**RECORDS FOR PROCESSING**:
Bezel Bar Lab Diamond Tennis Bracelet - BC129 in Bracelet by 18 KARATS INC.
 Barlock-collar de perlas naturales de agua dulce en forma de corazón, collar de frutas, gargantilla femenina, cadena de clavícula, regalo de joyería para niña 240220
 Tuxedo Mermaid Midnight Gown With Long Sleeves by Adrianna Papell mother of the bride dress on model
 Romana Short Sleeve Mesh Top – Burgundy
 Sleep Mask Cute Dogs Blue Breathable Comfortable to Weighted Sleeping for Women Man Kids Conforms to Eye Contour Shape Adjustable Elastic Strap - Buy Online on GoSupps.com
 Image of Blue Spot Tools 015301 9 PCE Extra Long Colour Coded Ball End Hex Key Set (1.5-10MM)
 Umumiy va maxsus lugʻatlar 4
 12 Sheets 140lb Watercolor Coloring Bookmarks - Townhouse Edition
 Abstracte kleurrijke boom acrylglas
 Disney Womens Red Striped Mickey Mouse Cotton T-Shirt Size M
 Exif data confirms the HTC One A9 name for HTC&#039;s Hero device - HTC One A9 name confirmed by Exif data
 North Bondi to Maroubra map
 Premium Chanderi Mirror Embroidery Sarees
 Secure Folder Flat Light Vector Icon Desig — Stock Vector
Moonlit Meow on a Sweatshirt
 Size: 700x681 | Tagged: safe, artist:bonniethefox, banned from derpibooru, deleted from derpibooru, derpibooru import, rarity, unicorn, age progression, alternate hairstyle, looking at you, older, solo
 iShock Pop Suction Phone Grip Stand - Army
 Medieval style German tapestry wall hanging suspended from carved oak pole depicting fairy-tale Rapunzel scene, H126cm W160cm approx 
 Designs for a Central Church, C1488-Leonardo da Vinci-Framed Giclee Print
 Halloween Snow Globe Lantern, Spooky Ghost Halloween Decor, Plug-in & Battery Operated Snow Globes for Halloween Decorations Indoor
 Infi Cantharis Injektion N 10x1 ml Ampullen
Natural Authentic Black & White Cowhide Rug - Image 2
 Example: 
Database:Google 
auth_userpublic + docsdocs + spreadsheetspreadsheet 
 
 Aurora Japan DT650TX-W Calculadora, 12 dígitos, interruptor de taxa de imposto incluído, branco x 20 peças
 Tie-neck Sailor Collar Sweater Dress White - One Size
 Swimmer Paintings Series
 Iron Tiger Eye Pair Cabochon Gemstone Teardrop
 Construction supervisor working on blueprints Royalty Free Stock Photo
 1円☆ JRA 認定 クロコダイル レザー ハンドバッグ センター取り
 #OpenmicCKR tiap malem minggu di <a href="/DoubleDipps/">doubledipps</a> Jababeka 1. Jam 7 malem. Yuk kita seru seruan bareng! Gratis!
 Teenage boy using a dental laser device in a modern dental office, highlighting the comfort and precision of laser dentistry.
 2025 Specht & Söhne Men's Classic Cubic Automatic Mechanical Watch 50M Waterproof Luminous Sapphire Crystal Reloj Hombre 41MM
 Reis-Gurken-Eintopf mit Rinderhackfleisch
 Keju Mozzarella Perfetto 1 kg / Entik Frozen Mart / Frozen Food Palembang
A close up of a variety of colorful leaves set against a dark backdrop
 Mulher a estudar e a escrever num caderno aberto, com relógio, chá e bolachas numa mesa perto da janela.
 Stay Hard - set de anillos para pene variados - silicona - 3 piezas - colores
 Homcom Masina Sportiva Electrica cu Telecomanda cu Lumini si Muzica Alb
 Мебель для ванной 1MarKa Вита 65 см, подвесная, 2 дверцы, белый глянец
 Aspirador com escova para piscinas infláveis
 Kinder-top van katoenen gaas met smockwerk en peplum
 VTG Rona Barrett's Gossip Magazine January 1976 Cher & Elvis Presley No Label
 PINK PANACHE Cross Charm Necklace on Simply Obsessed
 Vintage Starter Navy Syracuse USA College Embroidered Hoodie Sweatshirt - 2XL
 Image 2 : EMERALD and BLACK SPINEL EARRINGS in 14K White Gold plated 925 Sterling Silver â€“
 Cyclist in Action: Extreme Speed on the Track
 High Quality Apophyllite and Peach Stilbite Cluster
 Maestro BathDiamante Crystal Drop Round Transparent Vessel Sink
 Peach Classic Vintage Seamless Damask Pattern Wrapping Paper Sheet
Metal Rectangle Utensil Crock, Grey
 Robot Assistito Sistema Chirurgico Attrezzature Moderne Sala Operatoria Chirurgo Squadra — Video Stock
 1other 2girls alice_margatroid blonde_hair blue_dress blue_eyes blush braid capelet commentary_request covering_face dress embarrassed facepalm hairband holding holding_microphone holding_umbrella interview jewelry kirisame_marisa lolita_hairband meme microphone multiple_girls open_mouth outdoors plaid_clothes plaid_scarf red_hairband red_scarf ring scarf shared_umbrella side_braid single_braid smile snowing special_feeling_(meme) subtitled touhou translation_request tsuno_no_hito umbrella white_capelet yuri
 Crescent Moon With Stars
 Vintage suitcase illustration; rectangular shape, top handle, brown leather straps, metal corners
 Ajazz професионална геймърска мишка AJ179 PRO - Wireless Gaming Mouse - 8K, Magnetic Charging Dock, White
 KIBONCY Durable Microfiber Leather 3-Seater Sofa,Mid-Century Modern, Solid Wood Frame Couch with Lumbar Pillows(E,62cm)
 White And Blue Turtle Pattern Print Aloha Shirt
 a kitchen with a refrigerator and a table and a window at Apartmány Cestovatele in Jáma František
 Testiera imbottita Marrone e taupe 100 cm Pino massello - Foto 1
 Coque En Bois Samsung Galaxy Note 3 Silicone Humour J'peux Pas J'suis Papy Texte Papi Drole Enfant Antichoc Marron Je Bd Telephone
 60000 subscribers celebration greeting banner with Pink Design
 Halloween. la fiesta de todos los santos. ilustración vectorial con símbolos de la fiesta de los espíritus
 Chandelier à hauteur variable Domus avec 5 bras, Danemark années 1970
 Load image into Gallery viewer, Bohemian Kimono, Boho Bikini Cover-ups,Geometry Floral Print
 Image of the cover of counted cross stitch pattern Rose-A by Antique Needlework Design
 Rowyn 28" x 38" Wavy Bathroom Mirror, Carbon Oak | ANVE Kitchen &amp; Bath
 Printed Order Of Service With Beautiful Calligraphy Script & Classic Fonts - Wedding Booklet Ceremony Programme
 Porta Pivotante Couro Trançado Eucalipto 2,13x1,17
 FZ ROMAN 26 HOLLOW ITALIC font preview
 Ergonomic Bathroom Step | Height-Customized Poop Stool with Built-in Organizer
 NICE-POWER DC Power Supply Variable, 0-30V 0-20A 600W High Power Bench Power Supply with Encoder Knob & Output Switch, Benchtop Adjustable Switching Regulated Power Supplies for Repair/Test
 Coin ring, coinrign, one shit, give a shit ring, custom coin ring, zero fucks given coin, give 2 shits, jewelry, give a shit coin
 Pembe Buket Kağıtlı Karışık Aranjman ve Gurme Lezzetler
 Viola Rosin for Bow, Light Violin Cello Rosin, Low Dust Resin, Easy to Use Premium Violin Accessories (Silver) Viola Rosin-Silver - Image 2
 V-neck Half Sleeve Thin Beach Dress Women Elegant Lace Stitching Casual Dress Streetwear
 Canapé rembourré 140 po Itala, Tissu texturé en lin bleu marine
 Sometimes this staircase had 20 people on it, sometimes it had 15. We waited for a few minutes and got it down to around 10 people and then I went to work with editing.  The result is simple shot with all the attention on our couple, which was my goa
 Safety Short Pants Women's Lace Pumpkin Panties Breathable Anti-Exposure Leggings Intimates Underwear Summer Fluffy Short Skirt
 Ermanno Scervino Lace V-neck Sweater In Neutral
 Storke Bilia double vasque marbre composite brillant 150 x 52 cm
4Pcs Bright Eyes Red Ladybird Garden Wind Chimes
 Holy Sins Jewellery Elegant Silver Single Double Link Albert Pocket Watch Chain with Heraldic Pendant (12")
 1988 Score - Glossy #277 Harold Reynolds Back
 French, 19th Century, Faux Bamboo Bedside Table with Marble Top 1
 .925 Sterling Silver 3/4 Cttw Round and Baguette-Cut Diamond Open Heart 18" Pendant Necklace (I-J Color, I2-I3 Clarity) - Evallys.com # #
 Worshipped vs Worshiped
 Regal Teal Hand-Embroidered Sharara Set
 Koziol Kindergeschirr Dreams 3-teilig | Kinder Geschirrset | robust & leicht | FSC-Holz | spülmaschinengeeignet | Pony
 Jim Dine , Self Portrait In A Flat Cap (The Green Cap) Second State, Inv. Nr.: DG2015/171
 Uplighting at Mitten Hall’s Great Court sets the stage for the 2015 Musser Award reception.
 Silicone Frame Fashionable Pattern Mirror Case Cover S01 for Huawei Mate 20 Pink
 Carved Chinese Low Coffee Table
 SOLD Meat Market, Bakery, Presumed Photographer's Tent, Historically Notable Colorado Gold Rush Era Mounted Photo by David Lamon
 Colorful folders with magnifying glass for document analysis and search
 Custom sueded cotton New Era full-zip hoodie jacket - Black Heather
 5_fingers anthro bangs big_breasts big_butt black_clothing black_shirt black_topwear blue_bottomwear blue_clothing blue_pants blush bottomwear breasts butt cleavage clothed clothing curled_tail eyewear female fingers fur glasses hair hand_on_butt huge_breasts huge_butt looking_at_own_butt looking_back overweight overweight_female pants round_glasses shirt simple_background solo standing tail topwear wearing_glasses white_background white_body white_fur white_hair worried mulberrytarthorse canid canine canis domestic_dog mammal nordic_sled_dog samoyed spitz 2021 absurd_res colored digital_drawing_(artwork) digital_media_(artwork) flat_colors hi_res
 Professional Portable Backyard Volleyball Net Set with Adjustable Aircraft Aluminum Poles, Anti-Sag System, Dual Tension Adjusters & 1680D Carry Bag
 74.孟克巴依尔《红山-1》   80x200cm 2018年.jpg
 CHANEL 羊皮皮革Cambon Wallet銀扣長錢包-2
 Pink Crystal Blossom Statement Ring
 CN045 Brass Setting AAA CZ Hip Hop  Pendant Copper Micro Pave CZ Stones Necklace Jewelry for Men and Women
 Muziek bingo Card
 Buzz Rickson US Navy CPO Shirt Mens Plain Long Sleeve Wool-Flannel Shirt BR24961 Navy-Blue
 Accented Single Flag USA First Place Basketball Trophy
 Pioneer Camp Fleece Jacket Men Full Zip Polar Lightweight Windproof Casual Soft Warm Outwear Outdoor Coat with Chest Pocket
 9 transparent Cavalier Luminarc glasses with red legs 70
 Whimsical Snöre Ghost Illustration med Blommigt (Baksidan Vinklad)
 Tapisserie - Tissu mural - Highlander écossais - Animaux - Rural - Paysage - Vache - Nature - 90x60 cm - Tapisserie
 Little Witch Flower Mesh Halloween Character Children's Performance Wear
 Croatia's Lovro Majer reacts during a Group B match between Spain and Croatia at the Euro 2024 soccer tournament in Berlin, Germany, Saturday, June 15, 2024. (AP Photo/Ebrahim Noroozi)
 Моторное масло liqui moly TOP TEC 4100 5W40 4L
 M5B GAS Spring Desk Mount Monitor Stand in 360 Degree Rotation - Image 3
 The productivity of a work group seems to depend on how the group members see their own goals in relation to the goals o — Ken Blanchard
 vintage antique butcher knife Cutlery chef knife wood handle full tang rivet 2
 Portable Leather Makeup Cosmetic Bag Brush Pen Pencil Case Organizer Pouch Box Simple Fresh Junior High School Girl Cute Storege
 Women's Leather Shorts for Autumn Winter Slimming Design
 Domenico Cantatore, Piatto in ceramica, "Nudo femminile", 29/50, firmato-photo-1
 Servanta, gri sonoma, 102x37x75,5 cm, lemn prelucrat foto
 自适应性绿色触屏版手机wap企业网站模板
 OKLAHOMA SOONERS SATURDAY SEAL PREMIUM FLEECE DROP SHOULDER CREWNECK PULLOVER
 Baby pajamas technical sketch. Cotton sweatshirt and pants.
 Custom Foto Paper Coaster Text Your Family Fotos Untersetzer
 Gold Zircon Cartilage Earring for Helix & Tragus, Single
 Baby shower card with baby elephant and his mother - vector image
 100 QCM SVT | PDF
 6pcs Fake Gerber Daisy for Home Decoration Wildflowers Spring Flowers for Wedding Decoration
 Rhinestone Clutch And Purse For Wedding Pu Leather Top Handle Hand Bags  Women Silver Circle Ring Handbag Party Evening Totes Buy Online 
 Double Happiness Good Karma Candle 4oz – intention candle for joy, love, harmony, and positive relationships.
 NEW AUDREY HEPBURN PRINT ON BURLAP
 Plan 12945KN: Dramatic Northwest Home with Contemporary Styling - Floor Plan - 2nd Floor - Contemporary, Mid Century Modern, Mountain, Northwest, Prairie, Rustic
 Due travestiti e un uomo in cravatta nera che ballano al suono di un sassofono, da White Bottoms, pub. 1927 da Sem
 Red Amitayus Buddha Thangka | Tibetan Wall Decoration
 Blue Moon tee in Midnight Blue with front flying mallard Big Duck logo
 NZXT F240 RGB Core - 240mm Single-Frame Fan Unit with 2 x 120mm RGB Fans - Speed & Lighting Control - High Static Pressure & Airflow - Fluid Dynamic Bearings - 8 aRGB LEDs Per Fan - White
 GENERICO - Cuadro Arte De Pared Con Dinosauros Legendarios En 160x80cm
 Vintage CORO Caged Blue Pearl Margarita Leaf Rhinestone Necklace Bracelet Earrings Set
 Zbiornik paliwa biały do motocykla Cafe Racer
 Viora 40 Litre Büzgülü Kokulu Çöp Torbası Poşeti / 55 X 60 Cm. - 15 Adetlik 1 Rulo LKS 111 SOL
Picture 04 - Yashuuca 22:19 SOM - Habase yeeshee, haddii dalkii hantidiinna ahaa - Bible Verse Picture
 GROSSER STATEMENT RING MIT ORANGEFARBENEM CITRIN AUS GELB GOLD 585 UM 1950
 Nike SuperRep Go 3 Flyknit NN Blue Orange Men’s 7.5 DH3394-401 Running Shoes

**PROBLEM REQUIREMENTS**:
I'd like an exact copy of the lines above, from the very first one through the line that contains "Barlock-collar de perlas", with nothing else added.

**EXPECTED OUTPUT**:
Bezel Bar Lab Diamond Tennis Bracelet - BC129 in Bracelet by 18 KARATS INC.
 Barlock-collar de perlas naturales de agua dulce en forma de corazón, collar de frutas, gargantilla femenina, cadena de clavícula, regalo de joyería para niña 240220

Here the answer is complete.